(TASK INPUT Opens)

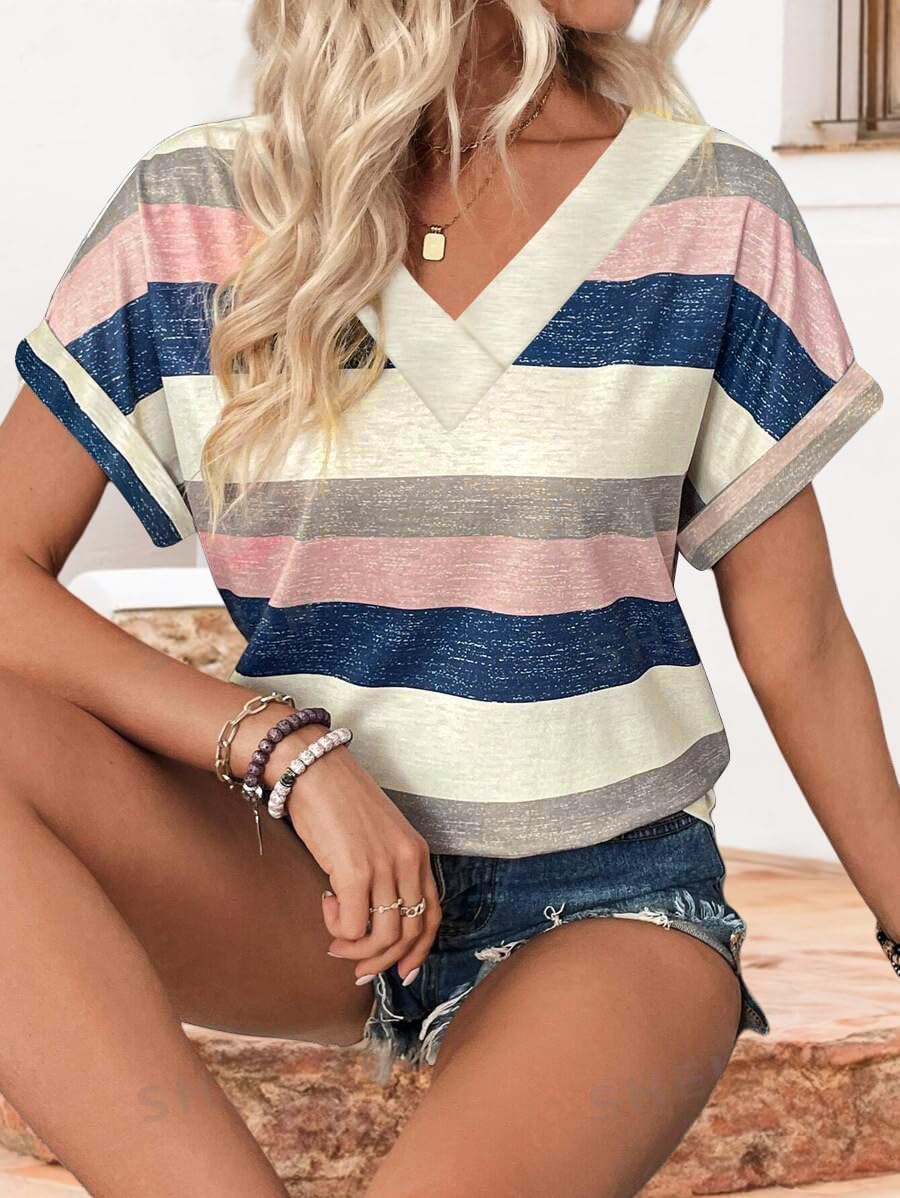 EyMuse T Shirts for Women Short Sleeve V Neck Basic Tees Fashion Dressy Tops Loose Fit Soft Casual Summer Blouses 2025,Multicolor,M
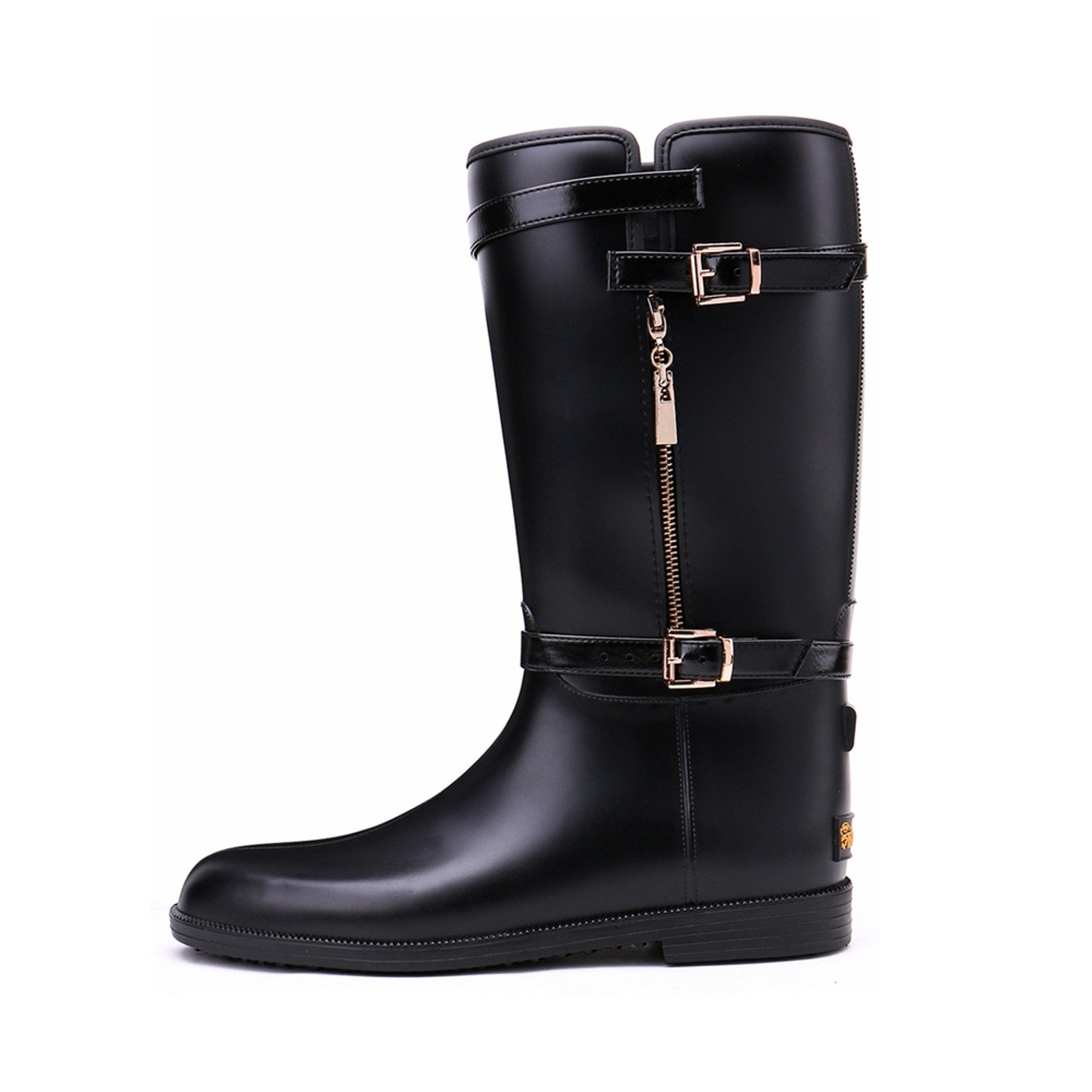 brooklyn walk women's mid-calf gumboots buckle and zipper waterproof black rain boots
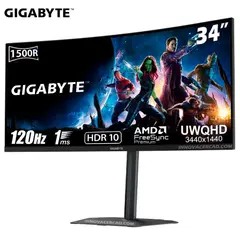 GIGABYTE - Monitor GS34WQCA 34 Curvo WQHD 3440x1440 120HZ 1MS AMD Freesync Premium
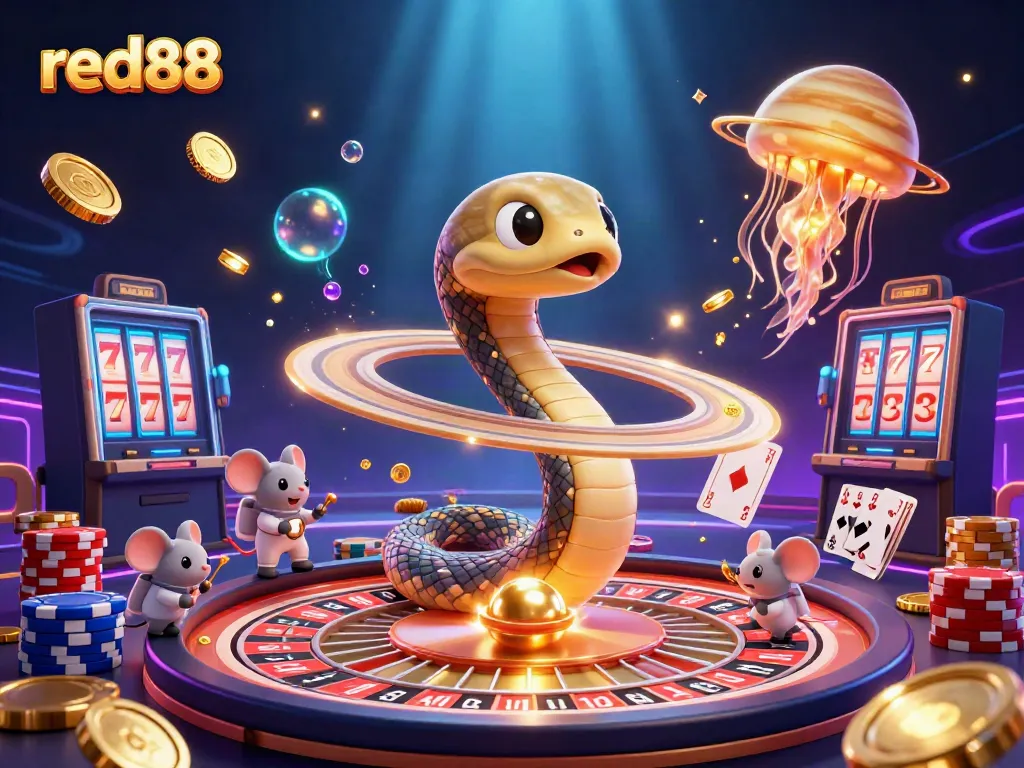 Betting on red88's roulette wheel with cartoon characters in a vibrant casino scene.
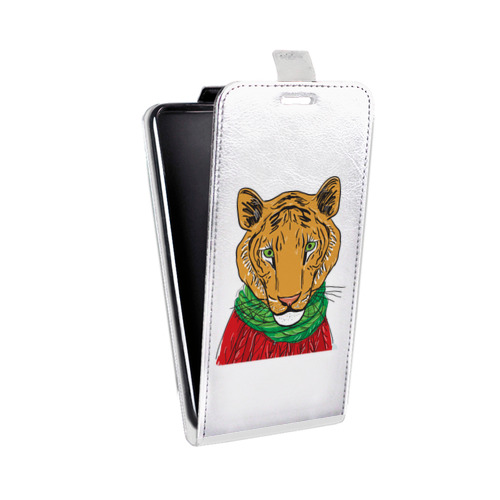 Дизайнерский вертикальный чехол-книжка для Prestigio Grace Прозрачные тигры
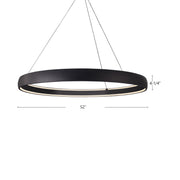 Kuzco Halo 53in LED Pendant | Modern Brushed Silver and White Acrylic Diffuser | Kitchen Island & Dining Room | 10500lm 3000K | Model PD22753-BS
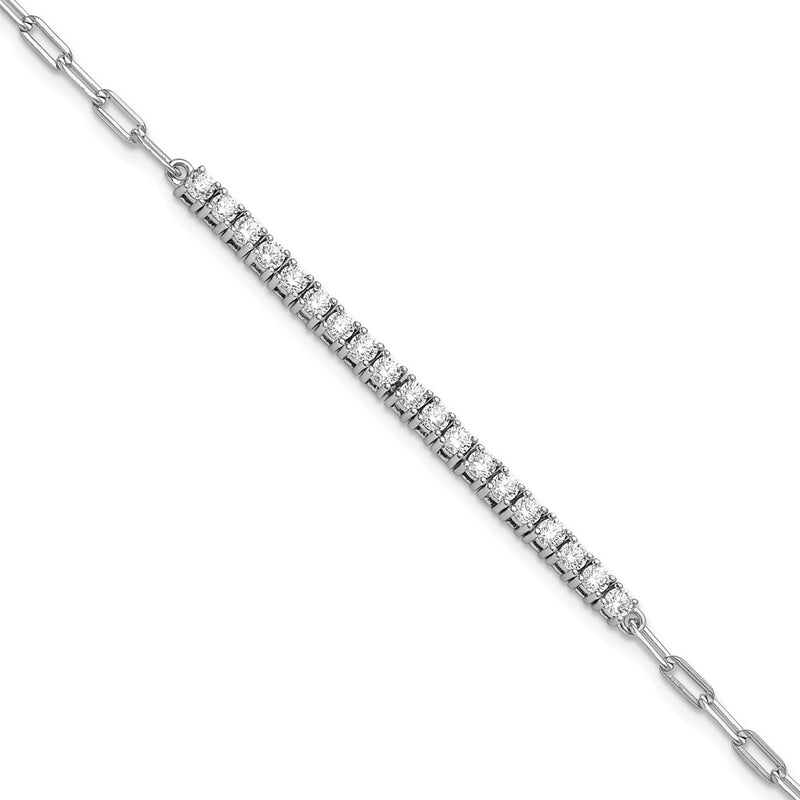 Sterling Silver Rhodium-Plated CZ 19 Stone 7in Paperclip Link Bracelet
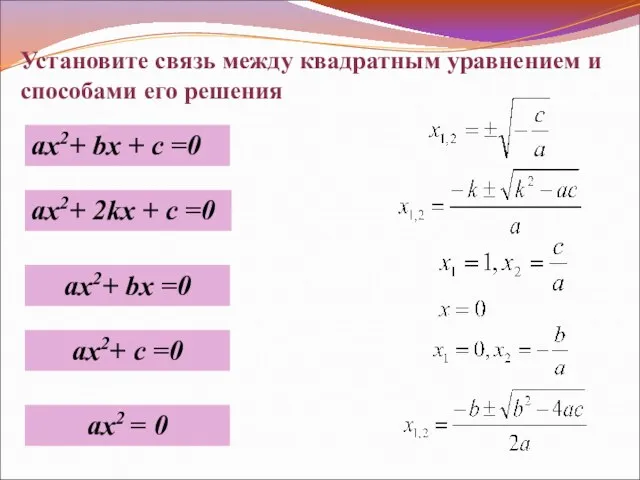 Установите связь между квадратным уравнением и способами его решения ax2+ bx +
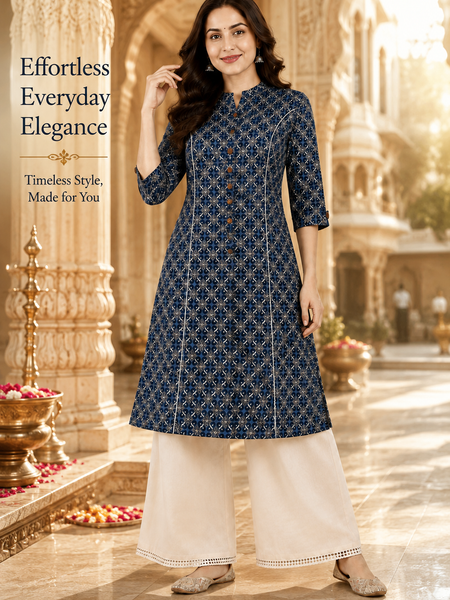 Women's Teal Blue Floral Print Cotton A-Line Kurta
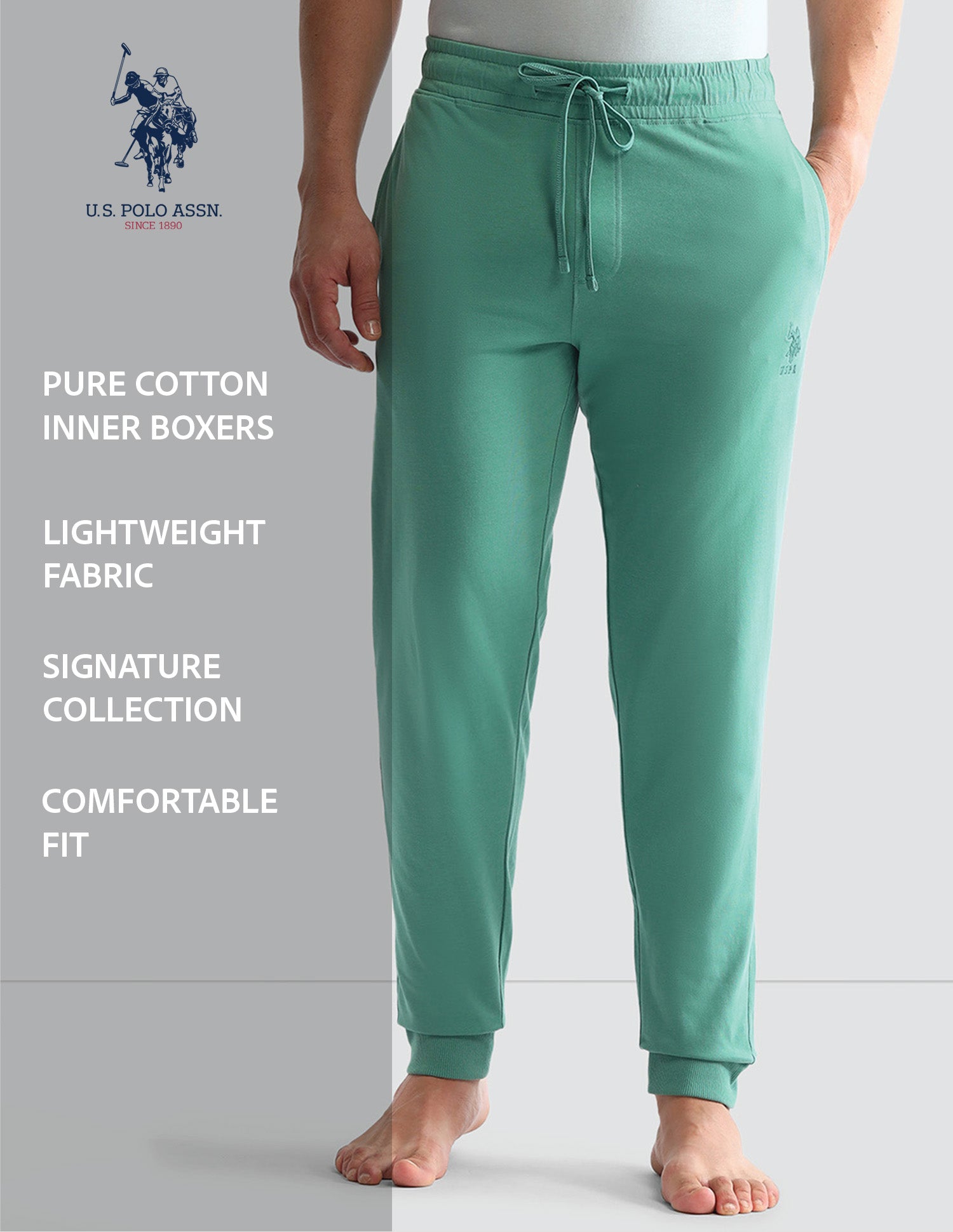 Solid Mid-Rise Solid OJ007 Joggers Malachite Green - U.S. POLO ASSN. | Large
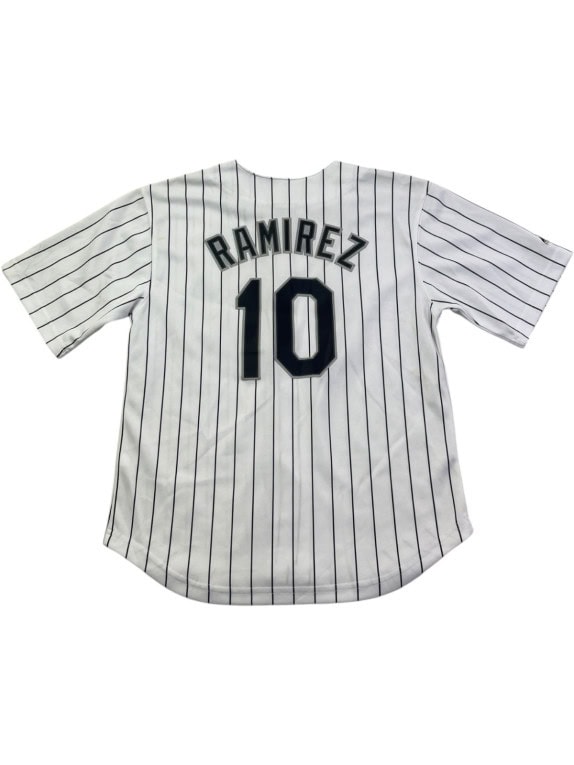 MAJESTIC GRAPHIC BASEBALL JERSEY RIGATA BIANCO UOMO PRE OWNED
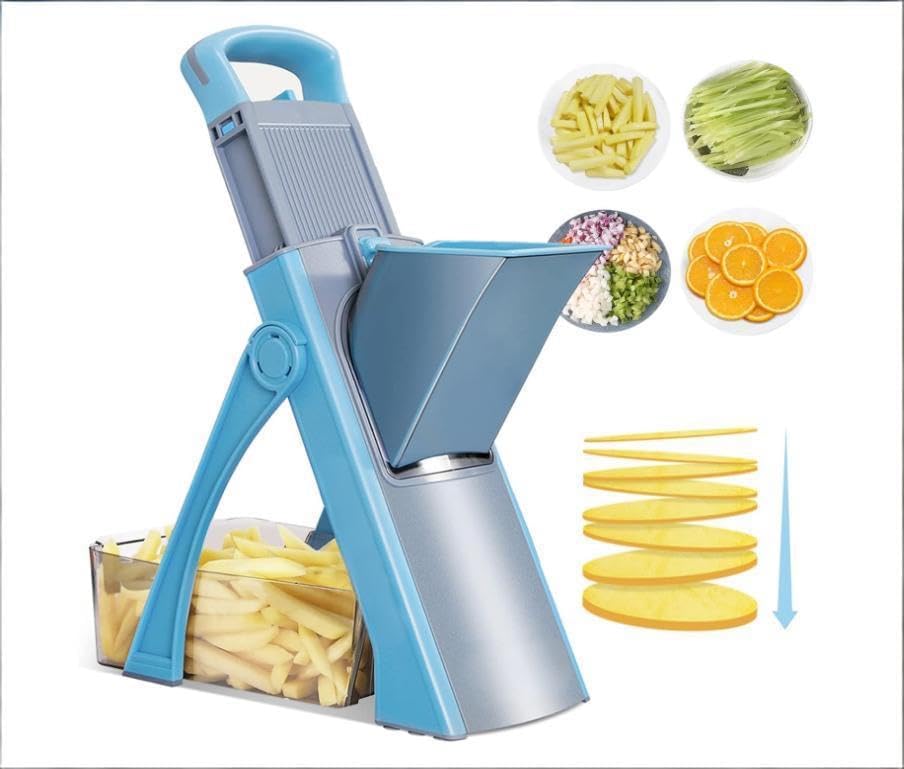New Mandoline Slicer for Kitchen,Potato Slicer Thickness Adjuster,Veggie Onion Dicer Faster Kitchen Mandolin for Meal Prep, safe Vegetable Chopper and slicer vegetable cutter,French Fry Cutter, (Blue) by Unknown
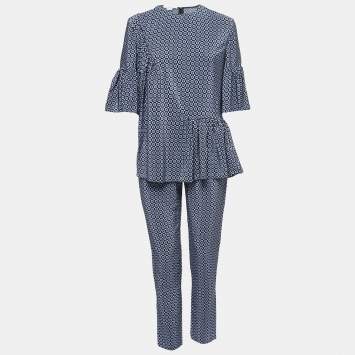 Pre Owned Stella McCartney Black Floral Printed Silk Gather Detail Top and Straight Fit Pants Set S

(TASK INPUT Closes)

TASK REQUIREMENTS: Only the text of the records belongs in your answer, copied exactly as it appears above.

RESPONSE TO THE EXERCISE:
 EyMuse T Shirts for Women Short Sleeve V Neck Basic Tees Fashion Dressy Tops Loose Fit Soft Casual Summer Blouses 2025,Multicolor,M
 brooklyn walk women's mid-calf gumboots buckle and zipper waterproof black rain boots
 GIGABYTE - Monitor GS34WQCA 34 Curvo WQHD 3440x1440 120HZ 1MS AMD Freesync Premium
 Betting on red88's roulette wheel with cartoon characters in a vibrant casino scene.
 Дизайнерский вертикальный чехол-книжка для Prestigio Grace Прозрачные тигры
 Kuzco Halo 53in LED Pendant | Modern Brushed Silver and White Acrylic Diffuser | Kitchen Island & Dining Room | 10500lm 3000K | Model PD22753-BS
 Sterling Silver Rhodium-Plated CZ 19 Stone 7in Paperclip Link Bracelet
 Установите связь между квадратным уравнением и способами его решения ax2+ bx +
 Women's Teal Blue Floral Print Cotton A-Line Kurta
 Solid Mid-Rise Solid OJ007 Joggers Malachite Green - U.S. POLO ASSN. | Large
 MAJESTIC GRAPHIC BASEBALL JERSEY RIGATA BIANCO UOMO PRE OWNED
New Mandoline Slicer for Kitchen,Potato Slicer Thickness Adjuster,Veggie Onion Dicer Faster Kitchen Mandolin for Meal Prep, safe Vegetable Chopper and slicer vegetable cutter,French Fry Cutter, (Blue) by Unknown
 Pre Owned Stella McCartney Black Floral Printed Silk Gather Detail Top and Straight Fit Pants Set S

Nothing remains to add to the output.